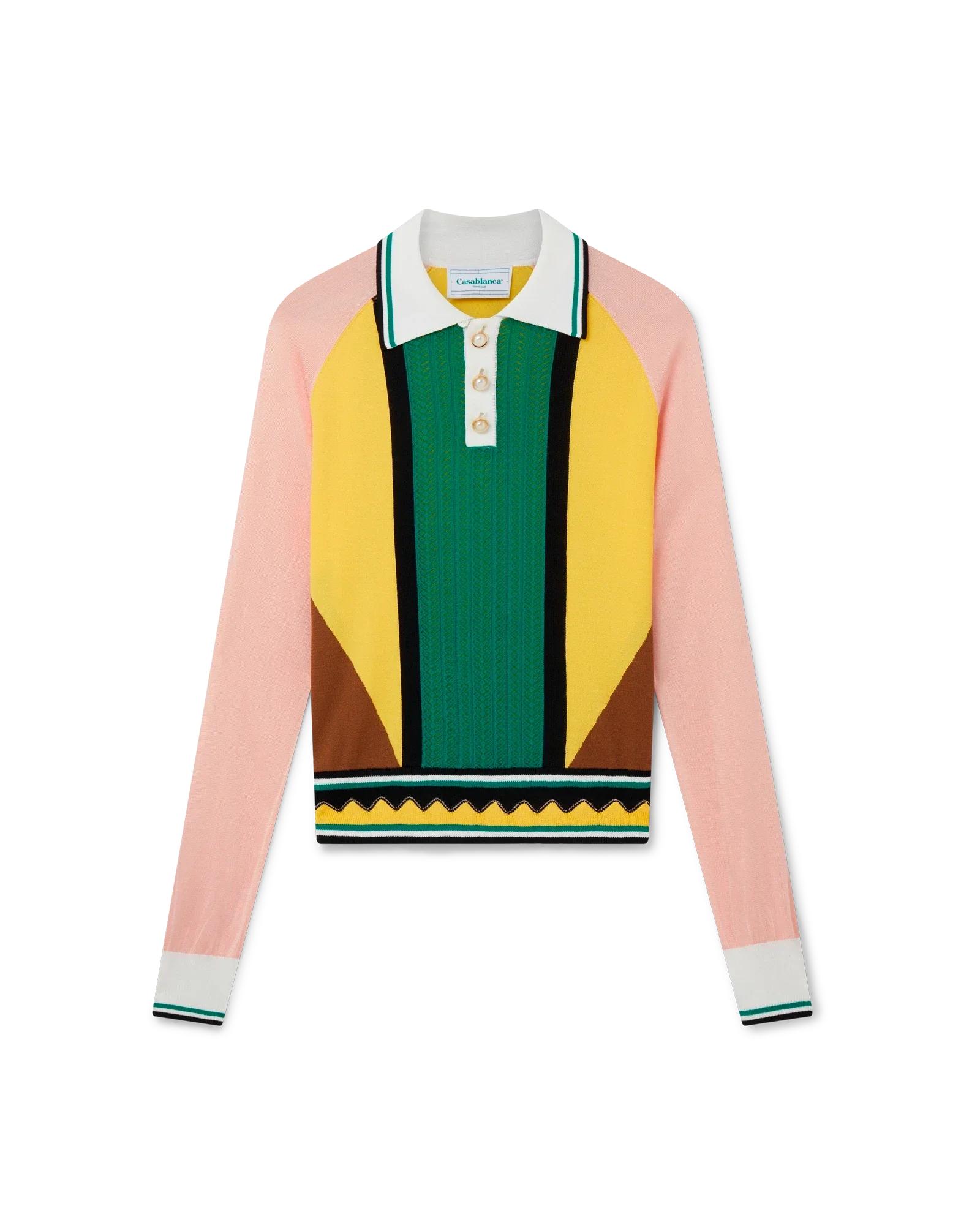 Graphic Panelled Polo Shirt by CASABLANCA
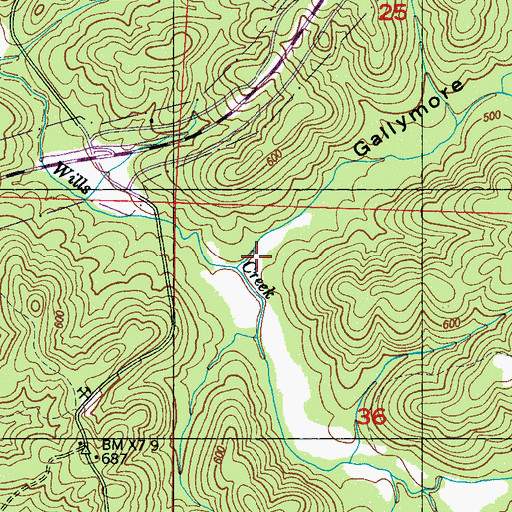 Topographic Map of Gallymore Hollow, AL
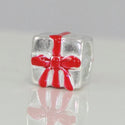 1pc Solid 925 Sterling Silver Gift Box Red Bow Bead Charm, Compatible with Pandora All Other Charm Bracelet, EC64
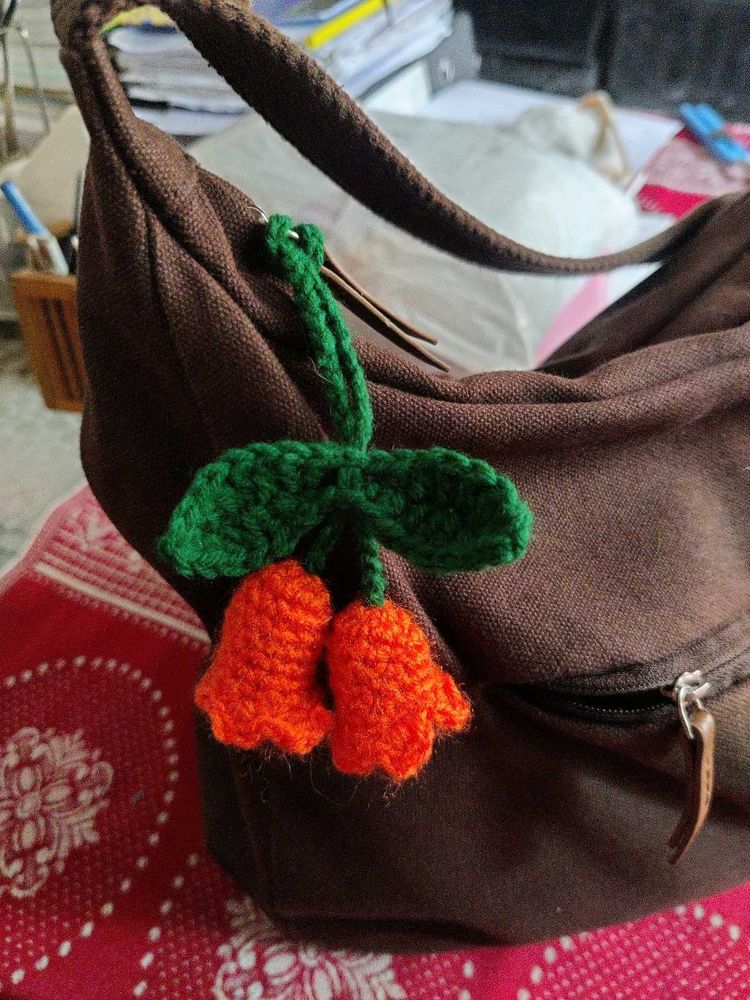 Orange Crochet Lily Of The Valley Keychain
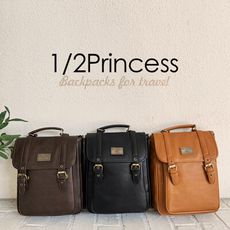 1/2princess全新三代升級版復古皮革雙扣直式3WAY後背包-3色[A2744-1]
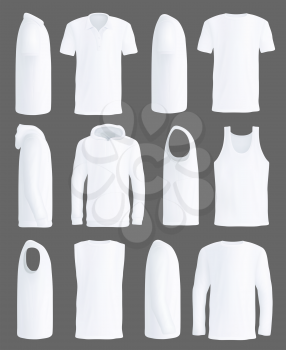 White T-shirt, shirt or tank top and sport hoodie mockup models. Isolated blank 3d realistic casual clothing or sleeveless man sportswear apparel, promo design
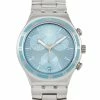 men Swatch Irony Clear Water Unisex Stainless Steel Watch YCS589G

★ ★ ★

• What the exercise asks:
Pictures should be left out when the records above are restated exactly.

• Output:
 Graphic Panelled Polo Shirt by CASABLANCA
 Topographic Map of Gallymore Hollow, AL
 1pc Solid 925 Sterling Silver Gift Box Red Bow Bead Charm, Compatible with Pandora All Other Charm Bracelet, EC64
 Orange Crochet Lily Of The Valley Keychain
 1/2princess全新三代升級版復古皮革雙扣直式3WAY後背包-3色[A2744-1]
 White T-shirt, shirt or tank top and sport hoodie mockup models. Isolated blank 3d realistic casual clothing or sleeveless man sportswear apparel, promo design
 men Swatch Irony Clear Water Unisex Stainless Steel Watch YCS589G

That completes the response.